• [Exercise brief] Start at the line containing "Metal sign on brick wall backgroundの写真素材" and transcribe every line exactly through the end of the records below, and only those lines.

• [Dataset records]
————

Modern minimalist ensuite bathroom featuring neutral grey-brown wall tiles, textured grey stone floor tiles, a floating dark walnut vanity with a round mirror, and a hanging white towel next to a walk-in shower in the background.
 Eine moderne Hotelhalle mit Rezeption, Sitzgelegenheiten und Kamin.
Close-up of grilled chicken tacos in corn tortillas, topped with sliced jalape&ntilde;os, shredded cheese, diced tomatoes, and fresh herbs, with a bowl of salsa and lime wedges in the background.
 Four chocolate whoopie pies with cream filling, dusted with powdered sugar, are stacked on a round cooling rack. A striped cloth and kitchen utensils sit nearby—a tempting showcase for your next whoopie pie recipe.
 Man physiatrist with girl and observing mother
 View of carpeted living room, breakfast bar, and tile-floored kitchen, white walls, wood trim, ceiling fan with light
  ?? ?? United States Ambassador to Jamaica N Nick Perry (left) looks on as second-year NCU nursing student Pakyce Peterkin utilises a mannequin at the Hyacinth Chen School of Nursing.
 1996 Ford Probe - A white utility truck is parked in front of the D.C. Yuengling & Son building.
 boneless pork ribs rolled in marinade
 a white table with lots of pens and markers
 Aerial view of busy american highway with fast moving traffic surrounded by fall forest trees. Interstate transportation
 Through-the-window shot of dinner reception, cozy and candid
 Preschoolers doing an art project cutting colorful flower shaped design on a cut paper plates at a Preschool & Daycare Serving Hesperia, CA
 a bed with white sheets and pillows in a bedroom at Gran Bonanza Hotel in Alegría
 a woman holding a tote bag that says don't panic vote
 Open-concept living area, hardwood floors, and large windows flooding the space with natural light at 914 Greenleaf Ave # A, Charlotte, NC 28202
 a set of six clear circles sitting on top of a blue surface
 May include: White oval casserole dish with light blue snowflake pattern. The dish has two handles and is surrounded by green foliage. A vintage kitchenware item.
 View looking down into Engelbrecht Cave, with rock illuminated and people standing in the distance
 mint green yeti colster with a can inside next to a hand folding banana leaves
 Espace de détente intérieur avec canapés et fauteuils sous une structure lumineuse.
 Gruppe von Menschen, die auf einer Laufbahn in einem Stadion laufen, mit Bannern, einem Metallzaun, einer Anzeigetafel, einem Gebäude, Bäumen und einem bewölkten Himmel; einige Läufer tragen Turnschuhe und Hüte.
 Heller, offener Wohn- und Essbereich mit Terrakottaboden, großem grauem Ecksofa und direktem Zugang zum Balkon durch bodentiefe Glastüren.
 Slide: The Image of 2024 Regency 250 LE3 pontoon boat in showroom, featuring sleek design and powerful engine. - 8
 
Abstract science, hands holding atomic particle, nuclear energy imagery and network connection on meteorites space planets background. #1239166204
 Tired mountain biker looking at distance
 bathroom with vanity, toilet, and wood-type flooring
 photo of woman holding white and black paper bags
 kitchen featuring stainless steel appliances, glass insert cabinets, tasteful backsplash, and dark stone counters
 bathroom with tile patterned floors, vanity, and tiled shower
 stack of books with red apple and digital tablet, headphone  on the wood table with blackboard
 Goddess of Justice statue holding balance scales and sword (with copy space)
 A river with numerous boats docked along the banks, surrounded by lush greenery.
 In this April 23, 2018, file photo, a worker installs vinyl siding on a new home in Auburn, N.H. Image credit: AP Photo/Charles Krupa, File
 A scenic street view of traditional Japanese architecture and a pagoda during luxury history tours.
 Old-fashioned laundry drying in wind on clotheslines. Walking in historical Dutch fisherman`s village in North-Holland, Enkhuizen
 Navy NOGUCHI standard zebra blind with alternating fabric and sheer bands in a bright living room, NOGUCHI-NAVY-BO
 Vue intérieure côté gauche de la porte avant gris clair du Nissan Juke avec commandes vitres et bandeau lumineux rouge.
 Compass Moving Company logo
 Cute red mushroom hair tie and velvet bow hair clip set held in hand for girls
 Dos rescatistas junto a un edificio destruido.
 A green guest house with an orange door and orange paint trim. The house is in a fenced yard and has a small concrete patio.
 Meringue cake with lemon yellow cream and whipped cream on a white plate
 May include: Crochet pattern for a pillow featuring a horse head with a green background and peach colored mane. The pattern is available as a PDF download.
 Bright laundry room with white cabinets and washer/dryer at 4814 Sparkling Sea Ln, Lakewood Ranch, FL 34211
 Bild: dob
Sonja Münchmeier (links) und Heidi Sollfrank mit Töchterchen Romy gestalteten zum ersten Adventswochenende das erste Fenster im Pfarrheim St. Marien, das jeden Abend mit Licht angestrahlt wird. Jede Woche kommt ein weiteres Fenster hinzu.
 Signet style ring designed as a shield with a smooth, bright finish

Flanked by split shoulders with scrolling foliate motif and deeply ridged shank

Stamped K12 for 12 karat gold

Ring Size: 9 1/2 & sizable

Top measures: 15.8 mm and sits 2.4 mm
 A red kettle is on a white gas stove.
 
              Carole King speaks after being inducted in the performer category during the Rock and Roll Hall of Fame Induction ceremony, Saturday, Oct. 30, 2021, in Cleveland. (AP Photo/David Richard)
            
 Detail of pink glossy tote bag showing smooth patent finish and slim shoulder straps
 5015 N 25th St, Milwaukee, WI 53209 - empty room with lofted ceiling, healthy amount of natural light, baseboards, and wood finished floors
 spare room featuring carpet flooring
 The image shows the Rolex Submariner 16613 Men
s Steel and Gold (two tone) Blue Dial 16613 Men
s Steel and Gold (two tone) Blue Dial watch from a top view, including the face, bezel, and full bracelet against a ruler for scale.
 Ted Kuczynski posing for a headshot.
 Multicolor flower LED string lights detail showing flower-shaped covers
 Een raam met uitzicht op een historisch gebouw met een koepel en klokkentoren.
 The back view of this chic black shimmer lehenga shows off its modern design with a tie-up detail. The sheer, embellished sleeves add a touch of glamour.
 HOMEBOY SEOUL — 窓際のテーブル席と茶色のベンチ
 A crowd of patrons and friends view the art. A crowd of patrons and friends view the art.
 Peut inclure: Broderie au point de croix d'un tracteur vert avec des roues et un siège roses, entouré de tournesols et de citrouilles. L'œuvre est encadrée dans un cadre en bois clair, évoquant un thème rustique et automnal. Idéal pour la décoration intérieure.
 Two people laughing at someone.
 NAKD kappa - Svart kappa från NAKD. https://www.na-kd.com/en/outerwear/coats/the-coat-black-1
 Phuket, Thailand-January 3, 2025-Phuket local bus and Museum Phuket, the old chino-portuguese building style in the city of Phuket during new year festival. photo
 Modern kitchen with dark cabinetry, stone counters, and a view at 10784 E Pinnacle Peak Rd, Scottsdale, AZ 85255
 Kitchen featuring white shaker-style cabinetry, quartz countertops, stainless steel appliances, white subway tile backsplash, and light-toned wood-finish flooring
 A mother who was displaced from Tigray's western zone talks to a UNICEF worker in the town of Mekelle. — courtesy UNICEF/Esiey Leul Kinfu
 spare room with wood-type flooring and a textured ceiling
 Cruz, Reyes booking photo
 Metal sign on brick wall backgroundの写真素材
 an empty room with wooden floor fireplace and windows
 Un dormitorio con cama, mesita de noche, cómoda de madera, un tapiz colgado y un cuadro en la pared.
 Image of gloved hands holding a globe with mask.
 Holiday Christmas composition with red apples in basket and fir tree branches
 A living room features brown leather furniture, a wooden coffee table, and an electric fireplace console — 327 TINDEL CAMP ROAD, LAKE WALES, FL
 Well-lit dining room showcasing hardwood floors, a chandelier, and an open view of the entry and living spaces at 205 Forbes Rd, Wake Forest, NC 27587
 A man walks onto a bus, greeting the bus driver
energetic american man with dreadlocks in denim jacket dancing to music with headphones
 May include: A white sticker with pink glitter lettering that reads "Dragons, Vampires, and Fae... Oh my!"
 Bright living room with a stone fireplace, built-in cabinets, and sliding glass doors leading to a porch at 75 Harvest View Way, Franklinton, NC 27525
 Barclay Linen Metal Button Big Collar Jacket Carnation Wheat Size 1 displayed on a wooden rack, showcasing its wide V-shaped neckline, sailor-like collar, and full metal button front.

————

• [Your solution]
 Metal sign on brick wall backgroundの写真素材
 an empty room with wooden floor fireplace and windows
 Un dormitorio con cama, mesita de noche, cómoda de madera, un tapiz colgado y un cuadro en la pared.
 Image of gloved hands holding a globe with mask.
 Holiday Christmas composition with red apples in basket and fir tree branches
 A living room features brown leather furniture, a wooden coffee table, and an electric fireplace console — 327 TINDEL CAMP ROAD, LAKE WALES, FL
 Well-lit dining room showcasing hardwood floors, a chandelier, and an open view of the entry and living spaces at 205 Forbes Rd, Wake Forest, NC 27587
 A man walks onto a bus, greeting the bus driver
energetic american man with dreadlocks in denim jacket dancing to music with headphones
 May include: A white sticker with pink glitter lettering that reads "Dragons, Vampires, and Fae... Oh my!"
 Bright living room with a stone fireplace, built-in cabinets, and sliding glass doors leading to a porch at 75 Harvest View Way, Franklinton, NC 27525
 Barclay Linen Metal Button Big Collar Jacket Carnation Wheat Size 1 displayed on a wooden rack, showcasing its wide V-shaped neckline, sailor-like collar, and full metal button front.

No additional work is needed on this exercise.